- [Data excerpt]:
_ _ _ _

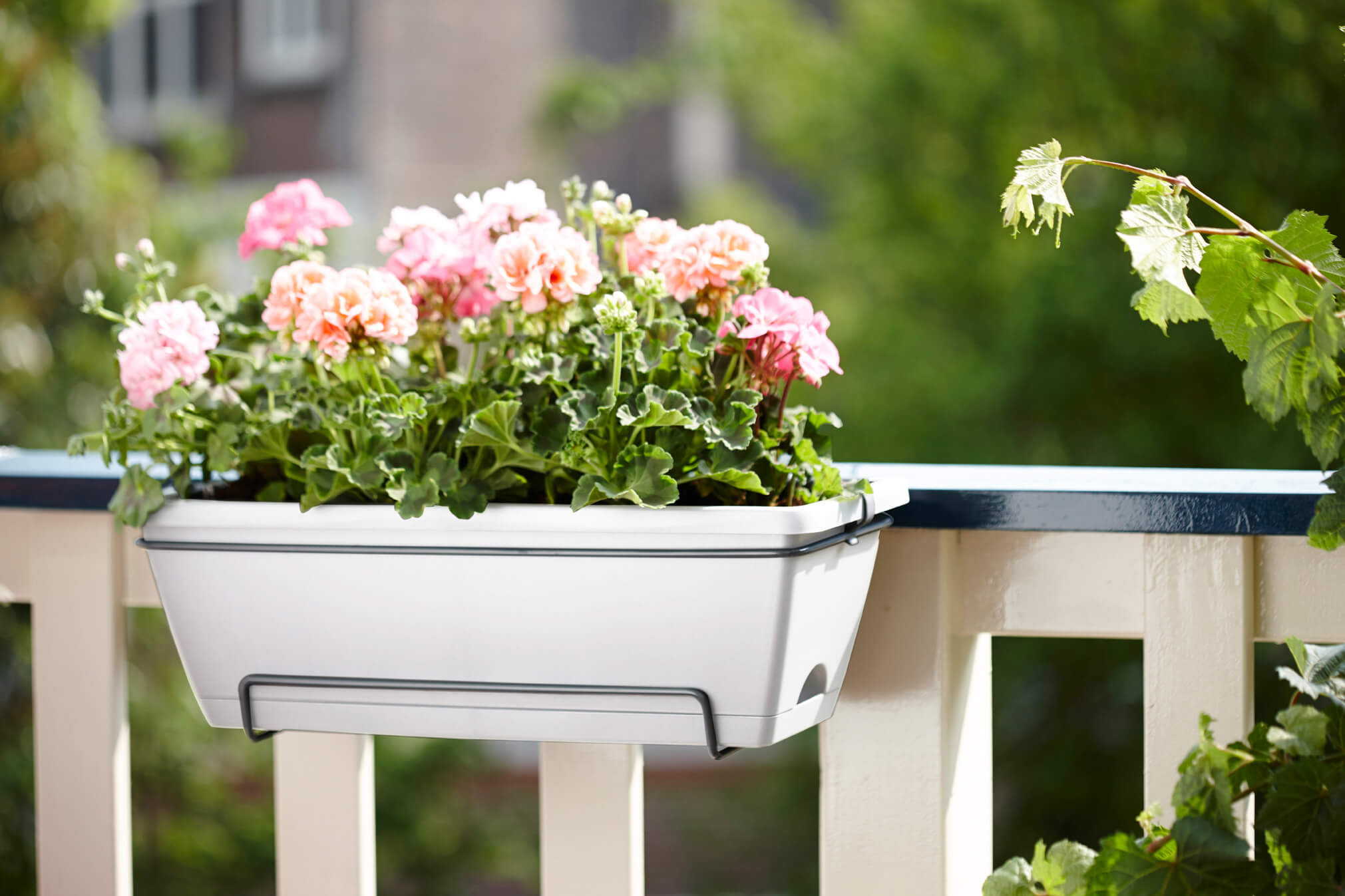 outdoor barcelona trough allin1 white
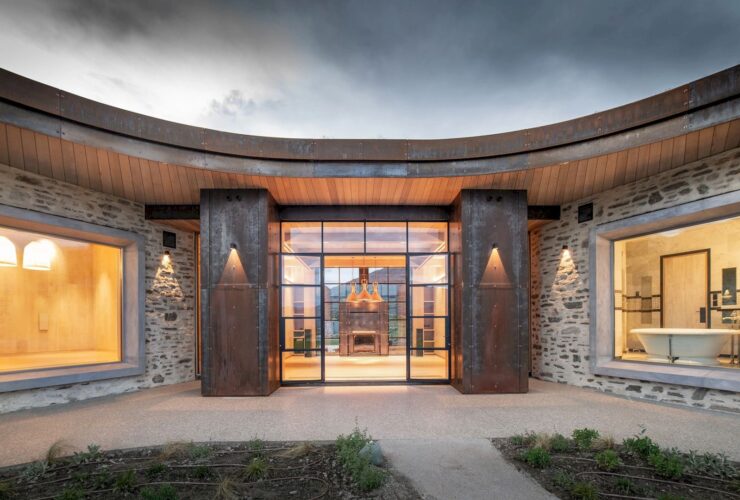 Saddle House 2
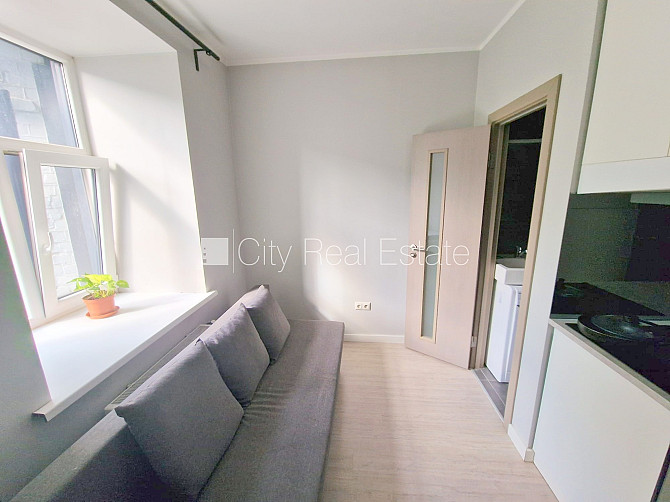 Фасадный дом, реновированный дом, закрытый двор, вход с улицы, лестничная клетка Рига - изображение 7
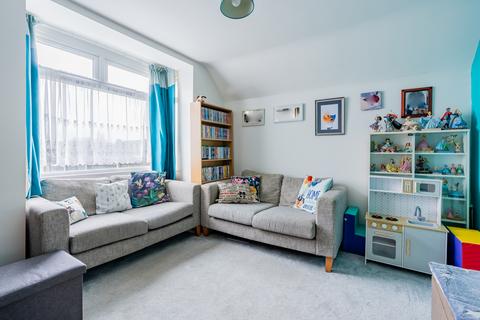 32 Siston Park, Bristol, BS15 4PE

_ _ _ _

- [What to work on]: Repeat all the data as it stands, dropping any images it holds.

- [Expected answer]:
 outdoor barcelona trough allin1 white
 Saddle House 2
 Фасадный дом, реновированный дом, закрытый двор, вход с улицы, лестничная клетка Рига - изображение 7
 32 Siston Park, Bristol, BS15 4PE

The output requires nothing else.